Collection entries
* * * * *

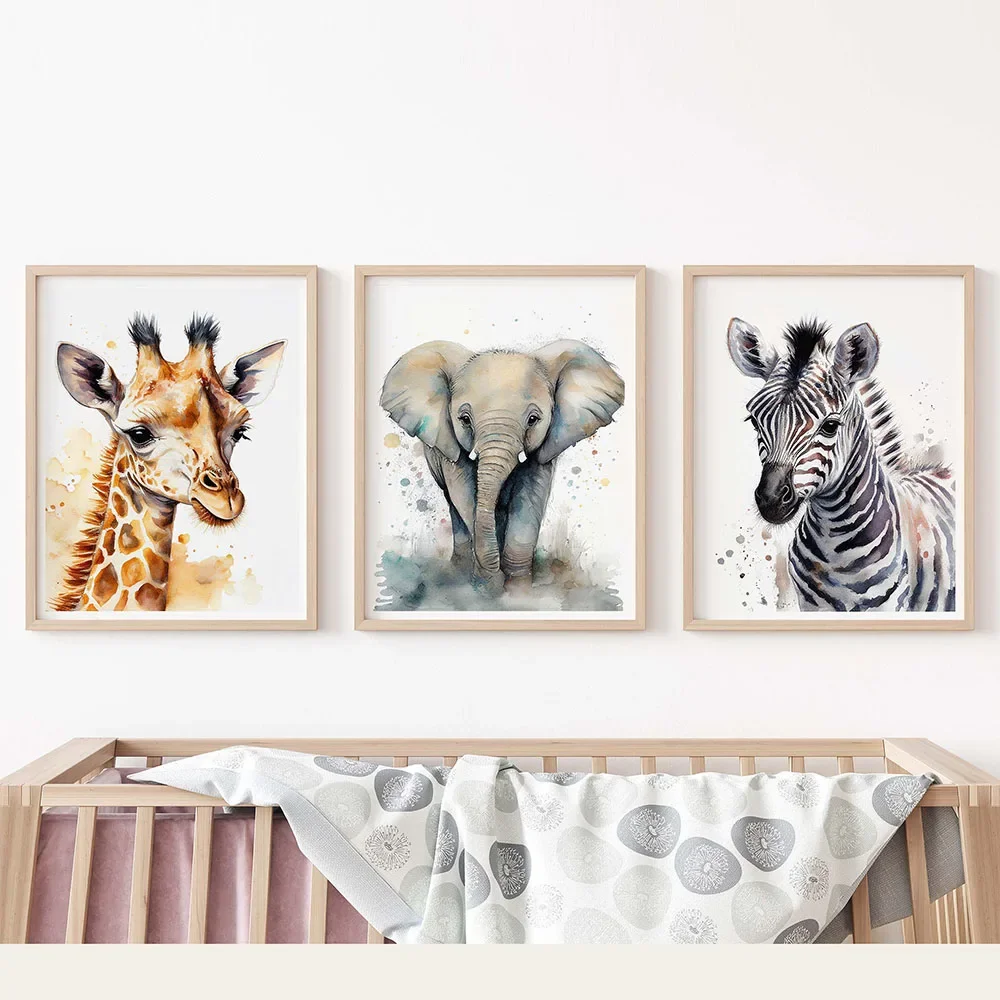 

Watercolor Elephant Giraffe Zebra Nursery Wall Art Canvas Painting Animal Posters And Prints Wall Pictures Baby Kids Room Decor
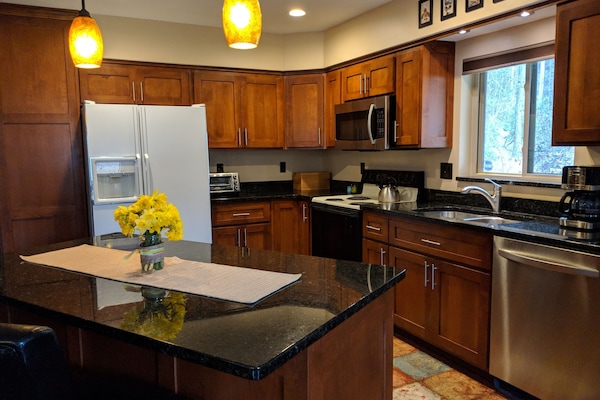 Refrigerator, toaster oven, microwave range, dishwasher, coffee maker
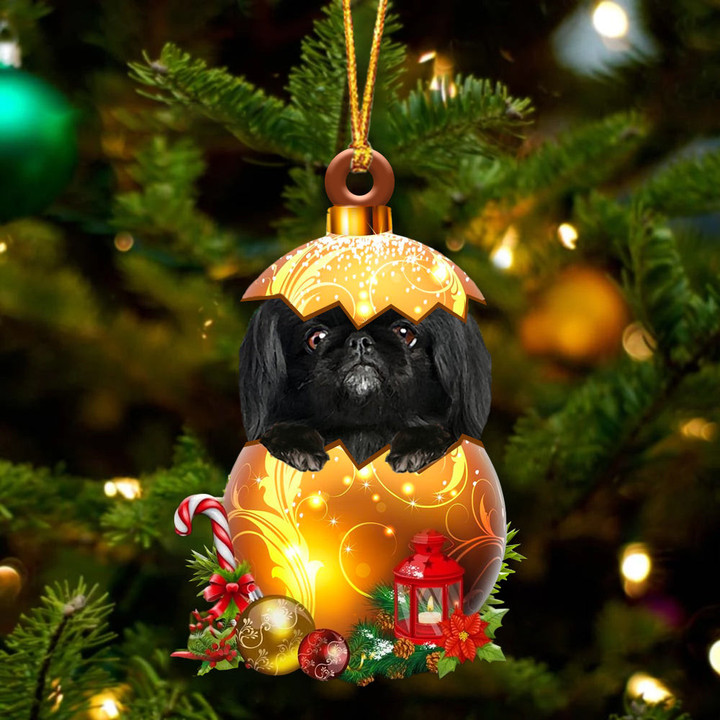 BLACK Pekingese In Golden Egg Christmas Ornament
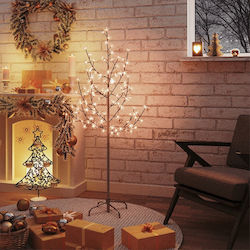 vidaXL Christmas Decorative Illuminated Cherry Tree Natural Appearance 120cm White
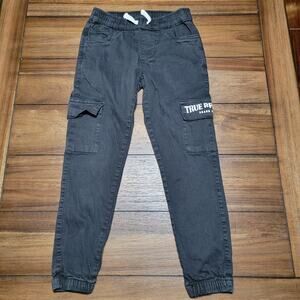 True Religion Kids Pull-On Black Cargo Pants w/ Ties - Size Small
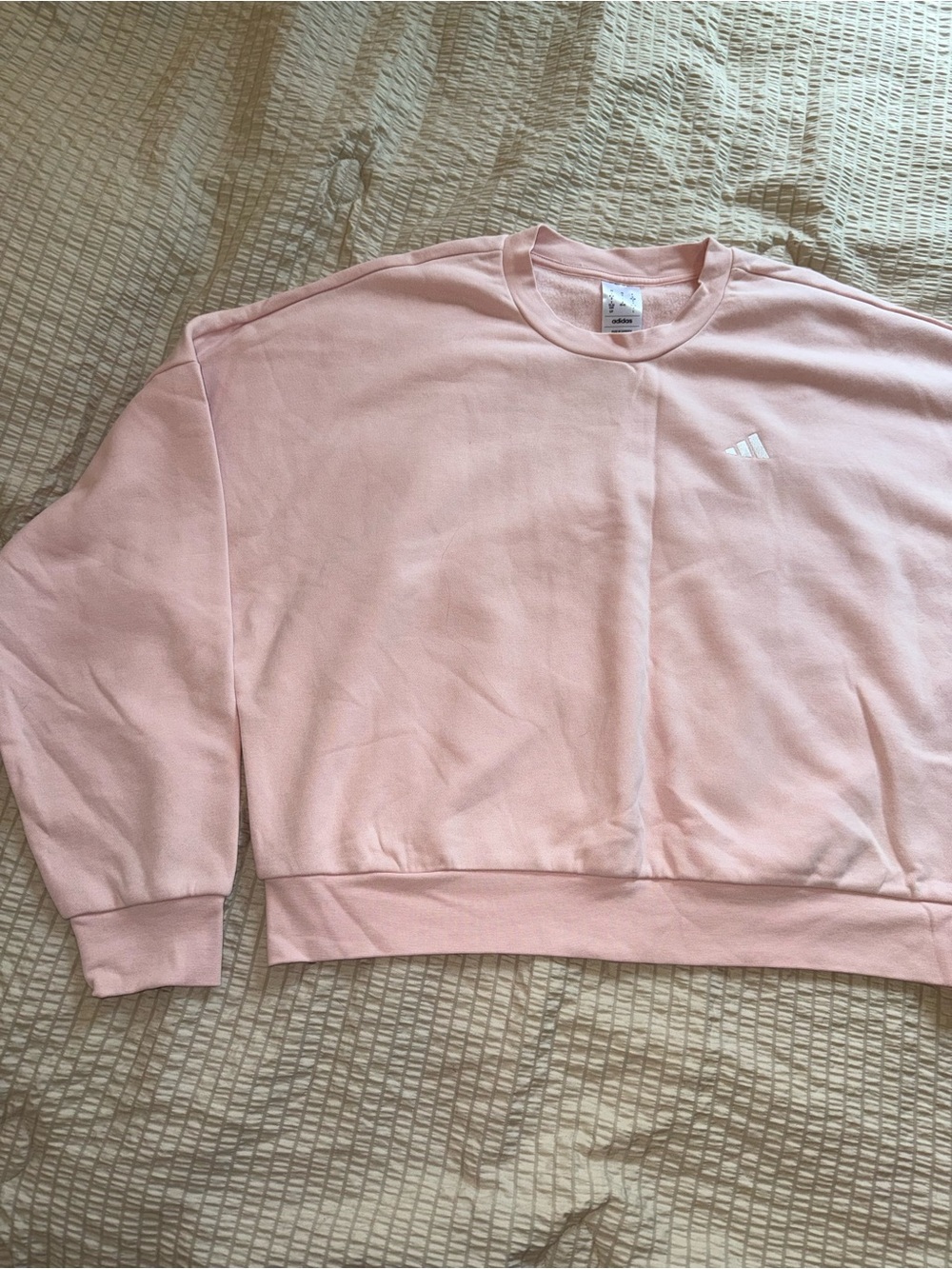 Adidas Pink Batwing Crewneck Sweatshirt with Logo small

* * * * *

Task prompt:
Return exactly the lines of the data, beginning with the first and ending with the line containing "vidaXL Christmas Decorative". Skip the pictures.

Exercise solution:
Watercolor Elephant Giraffe Zebra Nursery Wall Art Canvas Painting Animal Posters And Prints Wall Pictures Baby Kids Room Decor
 Refrigerator, toaster oven, microwave range, dishwasher, coffee maker
 BLACK Pekingese In Golden Egg Christmas Ornament
 vidaXL Christmas Decorative Illuminated Cherry Tree Natural Appearance 120cm White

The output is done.